Adams Youth Center kids give back on Earth Day by making reusable bags packed with food


ADAMS — "Earth Day is every day," has become a popular slogan. But the latest collaborative project between three regional organization puts environmental conservation into perpetual motion.

On Friday morning, students from Adams Youth Center Inc. walked over to the Adams Council on Aging at the Adams Visitors Center to deliver 40 reusable bags they made through a Cummington-based program called, The BagShare Project, and the town's makerspace, the Old Stone Mill Center for Arts & Creative Engineering.

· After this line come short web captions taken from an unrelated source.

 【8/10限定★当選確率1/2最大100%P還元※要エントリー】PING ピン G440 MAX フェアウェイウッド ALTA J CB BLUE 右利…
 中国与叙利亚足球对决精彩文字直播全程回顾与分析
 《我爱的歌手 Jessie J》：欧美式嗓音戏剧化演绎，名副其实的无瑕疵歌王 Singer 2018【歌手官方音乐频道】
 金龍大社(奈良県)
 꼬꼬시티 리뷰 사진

The bags made by kids in the youth center's after-school program were added to a pile of 64 bags made by Council on Aging volunteers. In honor of Earth Day, the bags were packed in as gifts with monthly food supplies that are delivered to individuals who need the support in Adams, Lanesborough and Cheshire.

"It's a good idea for Earth Day, especially if people follow through and use them," said Adams COA volunteer Sam Kissel, who made the bags with volunteers Sandy Hughes, Judy Sheehan and her sister, Barbara.

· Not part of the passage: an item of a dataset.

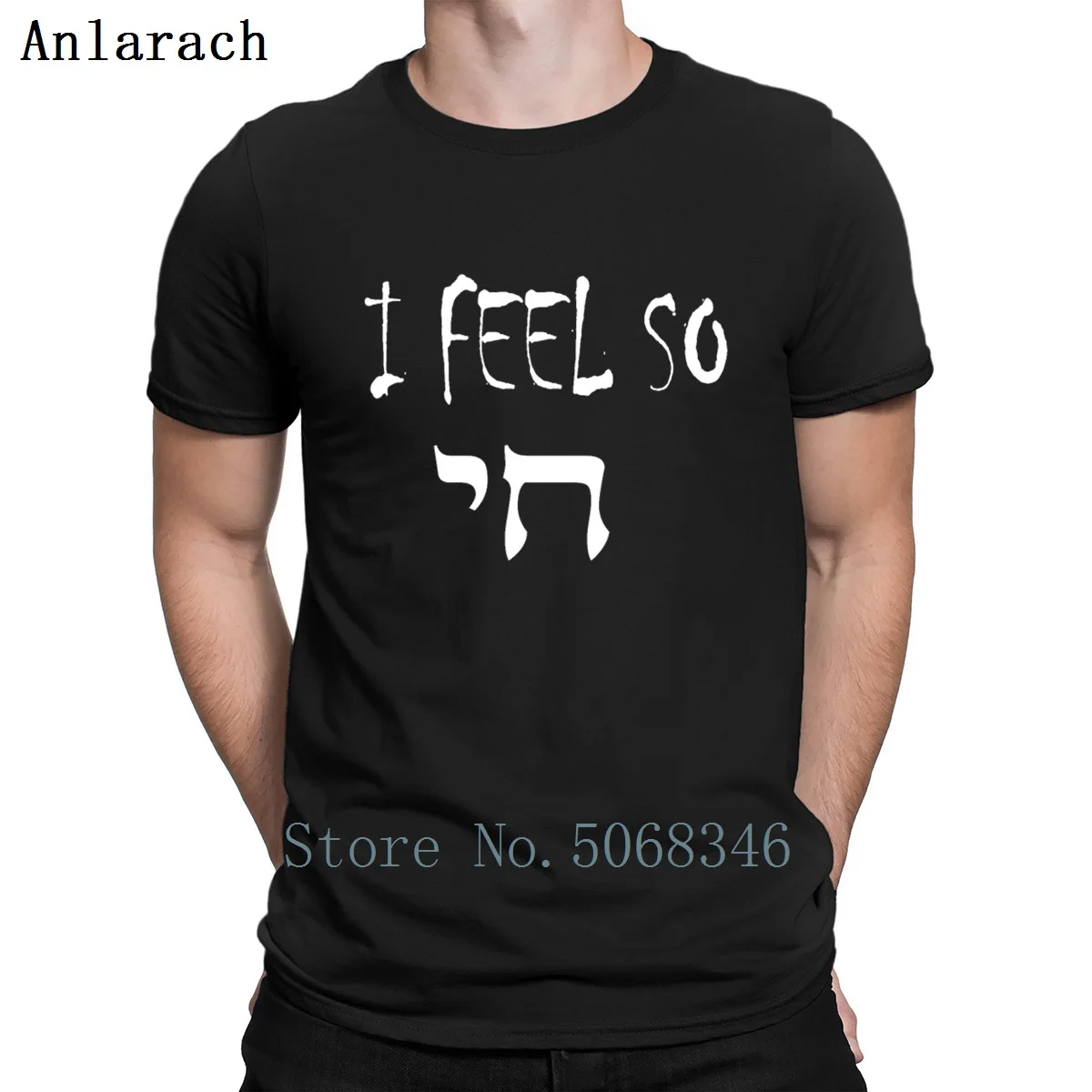 Футболка с надписью I Feel So Chai High Funny Jew оригинальная хлопковая вырезом лодочкой и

"And it's a good idea, when you can, to reuse stuff that would normally be going to a landfill," Kissel added.

Leni Fried, an owner of the Old Stone Mill and founder of The BagShare Project said the intentional multi-generational collaboration is the first of its kind for the program.

"The bags are made by 6-year-olds, teens, tweens and elders, demonstrating that greening up/reusing is everyone's responsibility," Fried said.

The BagShare Project has been around since 2007, and has produced some 15,000 bags made primarily from cleaned heavy plastic and fabric grain, barley and seed bags. The unique design involves folding the original bags to half their size, holding the fold with grommets, and looping handles through the grommets. The handles are also made from repurposed materials, including bicycle inner tubes, irrigation drip tape, clothesline, hay bale twine, old seat belt straps and retired climbing rope.

Adams Youth Center members Jaelyn Deeley, 10, and Joey Rourke, 9, called the project "cool" and "fun," respectively, both giving the project a maximum good grade of "10" on a 1-10 scale.

Fried said The BagShare Project is well-established in the Pioneer Valley and is looking to expand its partnerships in the Berkshires, bringing together frequent feed and commodities bag users, like farmers, brewers and printers, with community groups and schools interested in service projects.

Said Fried, "Tens of thousands of these [feed and seed] bags made from heavy duty plastic and sturdy enough to hold 50 pounds are landfilled across our state and country. They are not recyclable and not covered by a plastic bag ban."